Pour M. Le Drian, les armées sont « au seuil de l’acceptabilité sociale »

Le ministre de la Défense, Jean-Yves Le Drian, l’a dit et répété : la Loi de programmation militaire 2014-2019, qui prend en compte l’effort de redressement des comptes publics, calculée au plus juste, doit être respectée à l’euro et cela d’autant plus qu’elle repose sur plusieurs paris qui ne seront pas évidents à tenir, comme l’apport de recettes exceptionnelles (REX), par définition aléatoires, ou encore l’exportation de matériels emblématiques, comme le Rafale.

« Si une brique est absente, à ce moment-là, c’est l’ensemble de l’édifice qui tombe », avait-il affirmé, en octobre dernier, devant les commissions concernées de l’Assemblée nationale et du Sénat.

Aussi, la moindre coupe dans le budget de la Défense, quel que soit son niveau, ne serait pas sans conséquences sur les capacités de l’armée française à mener à bien les missions qui lui sont confiées. D’où le courrier adressé le 9 mai par M. Le Drian au Premier ministre, Manuel Valls, pour le mettre en garde contre cette tentation bien facile et dont le Figaro a publié des extraits.

Dans cette lettre, il n’est pas question du « plan secret » de 2 milliards d’euros d’économies par an, évoqué par le député (UMP) Xavier Bertrand le 11 mai dernier, mais de l’exercice 2014, au titre duquel on apprend que le ministère de la Défense aurait à consentir un nouvel effort de 355 millions d’euros. Or, explique M. Le Drian, cette « annulation » de crédits se « cumulerait avec celle opérée fin 2013, à hauteur de 720 millions d’euros », pour laquelle les budgets d’équipements ont été principalement ponctionnés.
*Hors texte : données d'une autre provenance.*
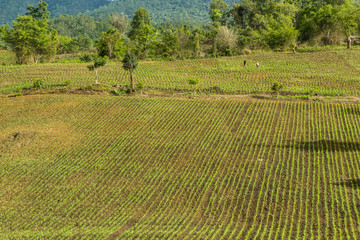 Corn field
Aussi, et après avoir rappelé les engagements des forces françaises notamment au Mali et en Centrafrique, ainsi que les efforts qu’elles ont déjà consentis (preuve qle leurs crédits n’avaient pas été aussi « sanctuarisés » que ça),  M. Le Drian a expliqué que « la Défense ne peut absorber une perte de crédits en 2014, ni sur sa masse salariale, ni sur ces crédits de fonctionnement » car ces derniers se situent déjà « au seuil de l’acceptabilité sociale ».

En outre, a-t-il poursuivi, les contraintes financières « impactent l’entraînement des armées, déjà inférieur aux normes internationales » alors que les crédits d’infrastructures sont déjà « sous-dotés », ce qui l’oblige à « faire étudier actuellement un plan pour les réhabilitations les plus impérieuses ».

Sur le plan des équipements, M. Le Drian a parlé de conséquences « très lourdes ». Pour « éviter une dette insoutenable », a évoqué le report à 2016 de programmes « symboliques » prévus en 2014 et 2015, ce qui correpondrait à « un total d’environ 7 milliards d’euros de commandes non passées », avec des « conséquences industrielles désastreuses » et « des suppressions de milliers d’emplois et des pertes de compétences » dans les industries de défense.

Quant aux capacités militaires, « l’armée de terre serait sous-équipée et rapidement dans l’incapacité de satisfaire les nouveaux contrats opérationnels », a fait valoir M. Le Drian. Et, dans le domaine du renseignement, il faudrait revoir à nouveau les ambitions à la baisse, avec une menace sur les drones MALE (Moyenne altitude longue endurance), le programme CERES (capacité de renseignement électromagnétique spatiale) ou encore les avions légers de surveillance. Même chose pour le renouvelement des avions ravitailleurs, sans lesquels la dissuasion aéroportée serait impossible, de même que les interventions à l’extérieur.

En un mot comme en cent, la moindre ponction sur le budget des armées conduirat à « revoir le modèle capacitaire de la LPM avec un impact majeur sur l’emploi industriel ». En clair, ce serait le déclassement stratégique de la France (avec tout ce que cela suppose en termes diplomatiques et économiques) que le ministre et les chefs d’état-major ne veulent pas assumer (ces derniers sont prêts à remettre collectivement leur démission).

Mais M. Le Drian n’a pas fait que dresser un tableau apocalyptique : il a également proposé des solutions, comme le lancement d’une nouvelle tranche du programme d’investissement avenir (PIA), déjà sollicité pour abonder le budget 2014 de la Défense au titre des recettes exceptionnelles, en l’adossant à « des cessions d’actifs de participations publiques ». Sera-t-il écouté? On aura la réponse le 11 juin prochain, à l’occasion de la présention du projet de loi de finance rectificative.